And then there's this reward model that, even without supervision, generalizes to harder tasks in the way we want, and can be trained with it. But we still have no way of knowing if it's actually aligned now. However, you can leverage scalable supervision and interpretability to validate these techniques. Or the other way around, suppose we train our auto-aligner with scalable supervision, and then use generalization as a validation technique, i.e. we generalize to the probability of the true answer based on the best knowledge of the model.

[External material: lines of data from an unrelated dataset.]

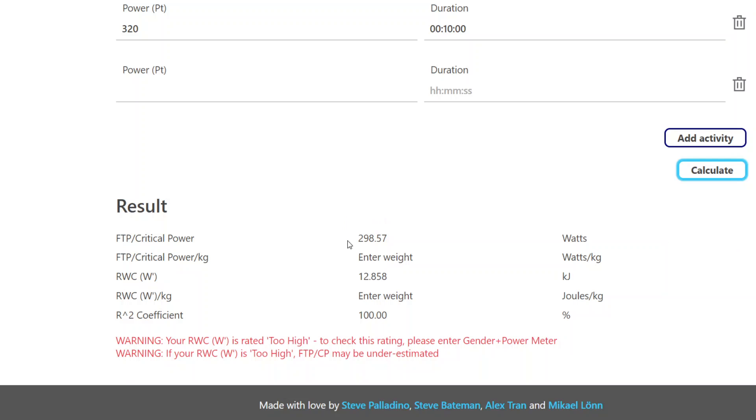And we have a critical power of 298, 299 watts. And W-prime or reserve work capacity of 12.858 kilojoules.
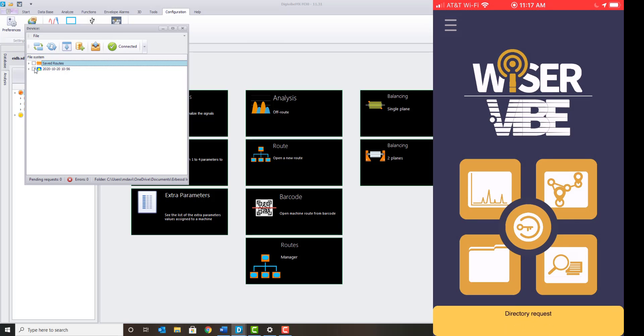Once connected, select the applicable route files and download selected files.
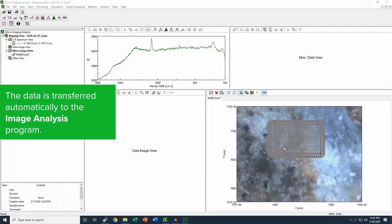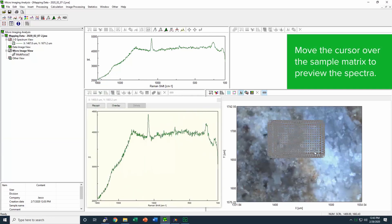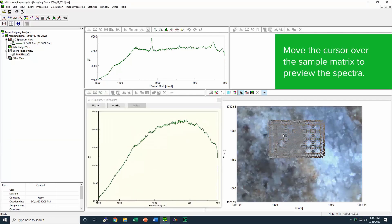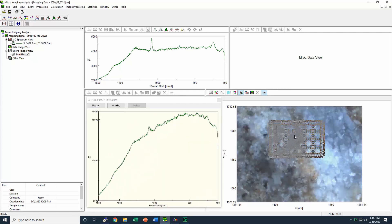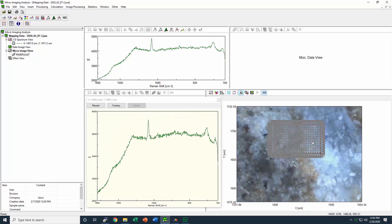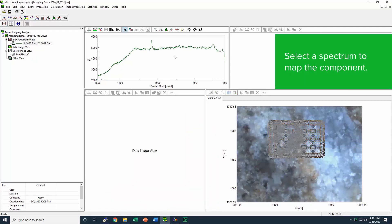The data is transferred in real time to mapping image analysis. In the bottom right screen is the all-in-focus image of the sample with the measurement matrix laid over the top. As we move the cursor over the measurement matrix, we can see the spectra update in real time.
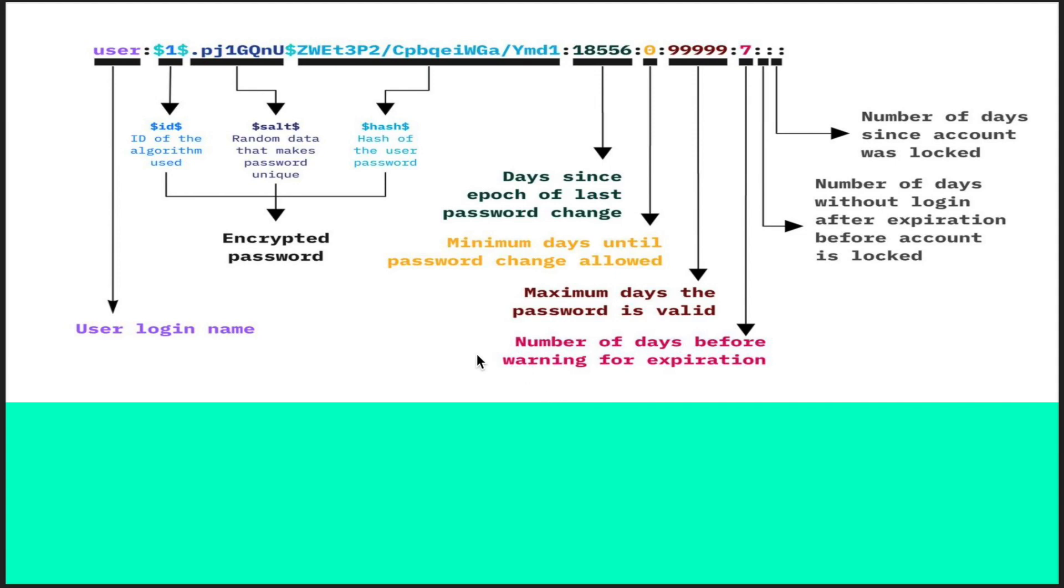Hi, so today we'll understand the shadow file which is located at /etc/shadow. This file stores the password information and other details.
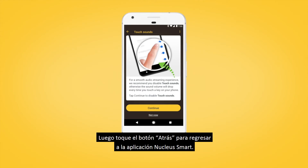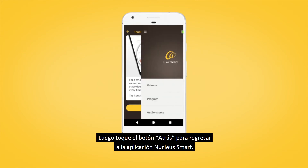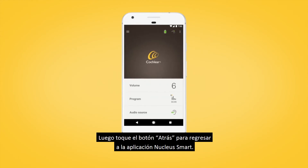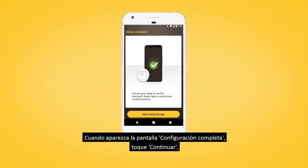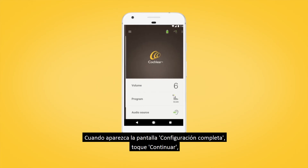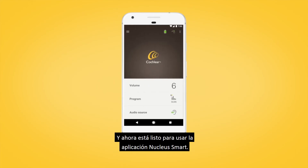Then tap the back button to return to the Nucleus smart app. When the setup complete screen displays, tap Continue and you're now ready to use the Nucleus smart app.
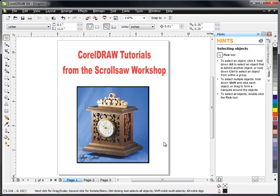Hi, I'm Steve Good with the Scrollsaw Workshop. Last week I uploaded a demonstration video showing you all how I use CorelDRAW X4 to create scrollsaw patterns that you see posted on my blog.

We then ask, is there a small flaw here? Is there a Trojan written in the scalable supervised alignment model in this code? Now we can do advanced cross-validation. We can train two different models: one trained with generalization techniques and the other with scalable supervision techniques, and now we can have them cross-validate each other's answers and check that these models are fundamentally the same? If different, what are their important differences?
**Daniel Filan: By "training through generalization techniques" here, does it mean training on simple problems and then generalizing to difficult problems, or something else? **
Jan Leike: If you understand how your model generalizes from easy to hard, you can make it generalize very well, and its accuracy will be basically the same as if you trained it on the hard problem Just as good. Now, you can use this as a reward model, or as "Which answer would I prefer if I actually knew what was going on here?"
**Daniel Filan: Regarding non-IID generalization, why do we need to know the internal structure of the model? Is it because you want to know what it will do if you haven't checked? What is the connection between these two questions? **
Jan Leike: To some extent, the questions they want to answer overlap: what does the model do in the absence of a distribution? At least they have two distinct paths to answer.
To perform cross-validation, the training set must be split differently. What I mean by cross-validation here is that in one training run, you train using a generalization method and then validate using interpretability, scalable supervision, and other techniques. Then in the second training, it is trained using scalable supervised methods and validated using generalization methods, interpretability and other methods. This way, you get two independent attempts at the problem.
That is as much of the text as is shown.